##### Given entries
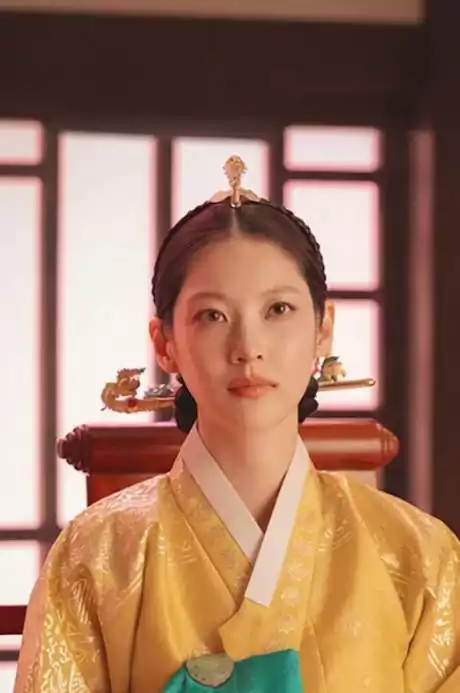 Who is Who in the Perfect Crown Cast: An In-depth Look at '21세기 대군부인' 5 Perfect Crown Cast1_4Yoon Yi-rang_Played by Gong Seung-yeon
##########
##### Given entries
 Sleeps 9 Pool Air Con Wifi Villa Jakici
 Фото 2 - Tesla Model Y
##########
-- Task prompt --
Above are the entries. Output exactly the lines beginning with the line that has "Sleeps 9 Pool Air Con Wifi Villa Jakici" and ending with the line that has "Фото 2 - Tesla Model Y".

-- Reply --
 Sleeps 9 Pool Air Con Wifi Villa Jakici
 Фото 2 - Tesla Model Y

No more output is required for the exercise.